Mais Mme Olenska, insoucieuse de la tradition, était vêtue d’un long fourreau de velours rouge, bordé autour du cou d’une haute fourrure noire. Archer se rappela avoir vu, lors de son dernier séjour à Paris, un portrait du nouveau peintre Carolus Duran (dont les tableaux faisaient sensation au Salon), qui représentait une dame audacieusement habillée d’une robe fourreau, le cou niché dans la fourrure. Il y avait quelque chose de pervers et de provocant dans l’idée de porter des fourrures en plein salon surchauffé, et dans la combinaison d’un cou emmitouflé avec des bras nus ; mais, sans conteste, l’effet était agréable.
Chapitre 12
Si le coup de foudre avec Newland n’est pas immédiat, elle va en revanche immédiatement éveiller chez lui un instinct de rébellion face à son clan et aux discussions stéréotypées condamnant les femmes à une vie de servitude domestique et conjugale. A son contact, Newland développe un nouveau regard sur sa propre société, mais également sur sa vie personnelle et son mariage avec May. Il prend progressivement conscience de l’hypocrisie de son monde qui accepte la différence tant qu’elle ne heurte pas frontalement les conventions et qu’elle amène de nouvelles richesses ; mais aliène les femmes par une éducation abêtissante et exclut tous ceux qui représentent de près ou de loin une menace à son puritanisme. Une relation d’entraide réciproque semble dès lors s’esquisser entre Newland et Ellen : le regard neuf et « étranger » d’Ellen (qui a été éduquée différemment et qui a vécu en Europe) révèle à Newland la superficialité de son monde, tandis que ce dernier peut lui expliquer les usages de New-York afin que son intégration et sa sécurité soient garanties.
— Vous m’expliquerez tout : vous me direz tout ce que je dois savoir, continua-t-elle, en s’approchant pour lui offrir une tasse de thé.
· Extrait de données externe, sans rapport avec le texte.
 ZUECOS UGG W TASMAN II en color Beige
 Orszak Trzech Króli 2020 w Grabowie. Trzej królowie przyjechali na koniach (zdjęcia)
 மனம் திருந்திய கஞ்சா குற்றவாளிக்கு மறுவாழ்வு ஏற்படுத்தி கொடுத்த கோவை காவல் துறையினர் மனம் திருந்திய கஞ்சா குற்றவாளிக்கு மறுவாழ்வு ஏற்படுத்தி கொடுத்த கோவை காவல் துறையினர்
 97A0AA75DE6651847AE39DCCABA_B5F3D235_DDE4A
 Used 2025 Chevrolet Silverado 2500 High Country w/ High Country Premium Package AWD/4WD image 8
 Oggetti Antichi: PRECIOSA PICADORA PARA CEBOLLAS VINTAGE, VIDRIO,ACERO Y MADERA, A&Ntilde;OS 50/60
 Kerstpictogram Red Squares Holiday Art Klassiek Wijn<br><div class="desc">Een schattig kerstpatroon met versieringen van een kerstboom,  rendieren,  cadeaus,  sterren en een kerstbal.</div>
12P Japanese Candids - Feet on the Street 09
— C’est vous qui m’expliquez, vous qui ouvrez mes yeux à des choses que je regarde depuis si longtemps que je finis par ne plus les voir !
Chapitre 9
Cependant, c’est bien la « Société » qui paraît sortir gagnante de l’intrigue romanesque : à travers May Welland, son incarnation, l’honneur de la Famille est sauf et la trop libre Ellen est renvoyée en Europe, à l’issue d’un dîner d’adieu qui n’a rien à envier à la tribalité d’un sacrifice rituel dans les sociétés primitives. Le titre semble d’ailleurs fort ironique au regard de la supposée « innocence » de May qui se révèle l’exact opposé de tout ce qu’avait prédit Newland : capable d’intuition, d’initiative, de calcul. May, ou la Société est bien cette « machine » capable de « broyer » les êtres. Ellen semble le savoir, elle qui avait d’ailleurs déjà amené Newland à un renoncement au désir charnel après lui avoir fait remarquer qu’il n’existe aucun espace-temps pour leur amour, et qu’une concrétisation amènerait immanquablement une vie médiocre d’hypocrisie et de mensonges.
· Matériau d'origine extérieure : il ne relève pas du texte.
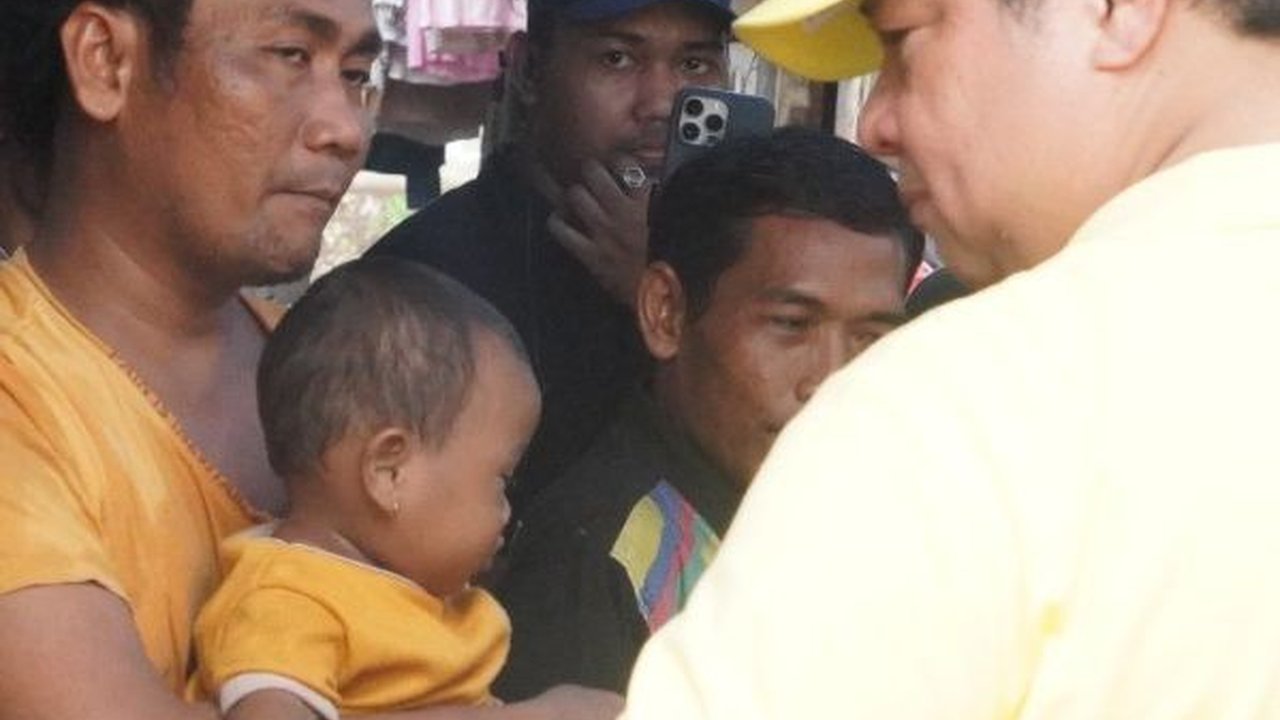 Blusukan ke Pemukiman Padat Cengkareng, Airlangga Cek Penerimaan Bansos Warga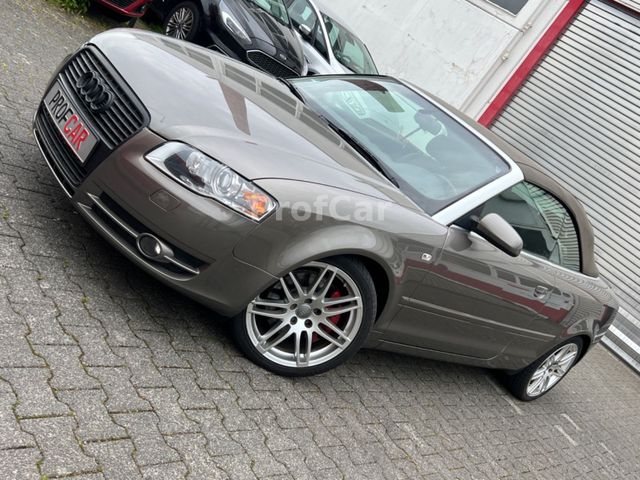 Audi A4 Cabriolet 3.2 FSI,Xenon,PDC,Navi,Alarm,Leder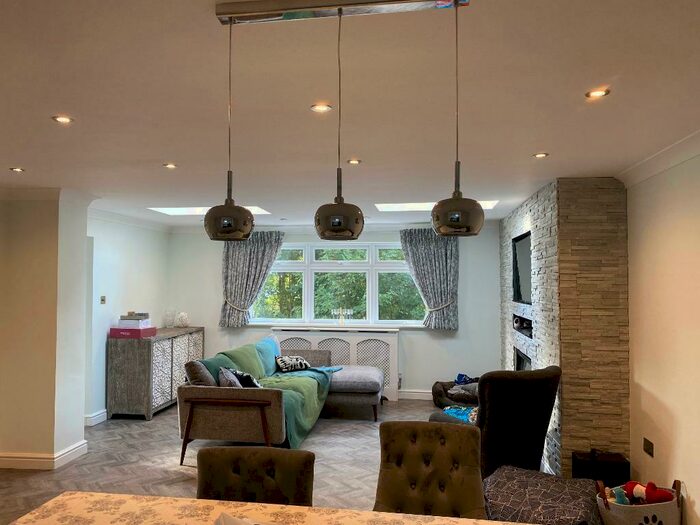 3 Bedroom Semi-Detached House To Rent In Faringham Road, Caterham, CR3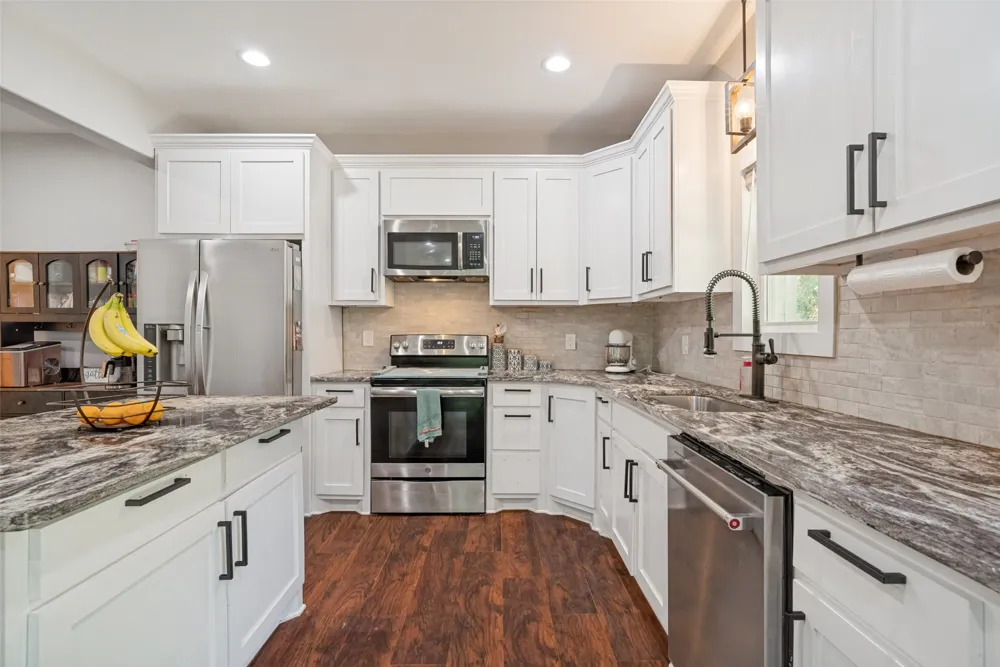 2341 Oak Leaf Trail Cleburne, TX 76031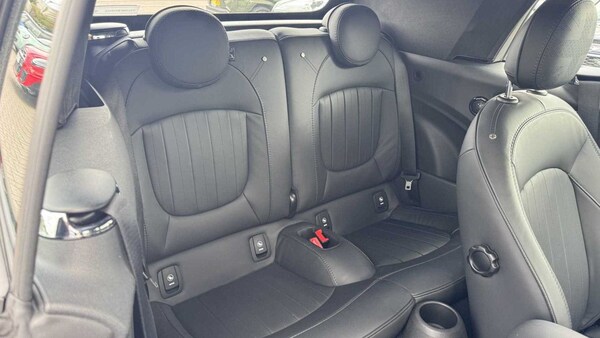Used MINI Convertible 2023 for sale - 75742290: Photo 35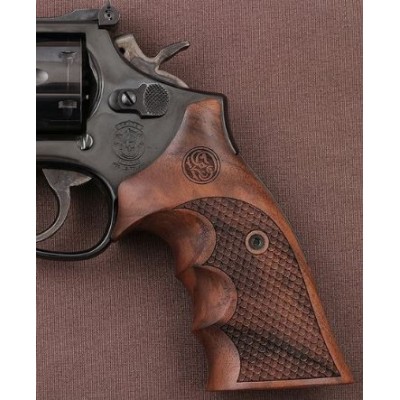 Cacha SW K/L armazon cuadrado abierta lomo madera picada KSD  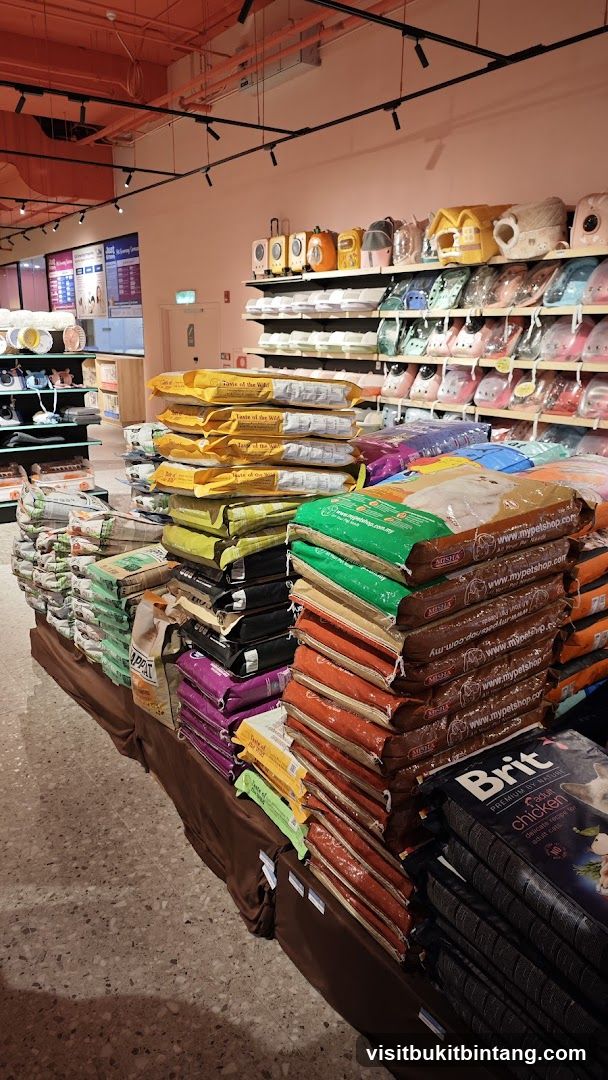 Pet Food Aisles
— Nous ? Il n’y a pas de nous dans ce sens-là ! Nous ne sommes l’un près de l’autre qu’à condition de rester séparés. Alors seulement nous pouvons être nous-mêmes. Autrement, nous serons Newland Archer, le mari de la cousine d’Ellen Olenska, et Ellen Olenska, la cousine de la femme de Newland Archer, volant un bonheur qui ne leur appartient pas.
Chapitre XXIX
Même s’il se débat avec cette injonction consistant à manquer « la fleur de la vie » (chap.XXXIV), Newland finit par oublier totalement la vivacité du souvenir d’Ellen et par se contenter d’une vie de « bon citoyen », père de famille, mari fidèle, ayant troqué le désir contre l’honneur. Bien plus, si la société a évolué à la fin du roman et que l’ancien élitisme social semble disparu, le regard du protagoniste porté sur les anciennes traditions, de satirique, devient nostalgique. Semblant préférer ses souvenirs au présent, il renonce même à revoir Ellen Olenska à Paris alors que son propre fils va lui rendre visite.
Je la retrouve mieux que si j’étais là-haut à côté d’elle, se dit-il à haute voix.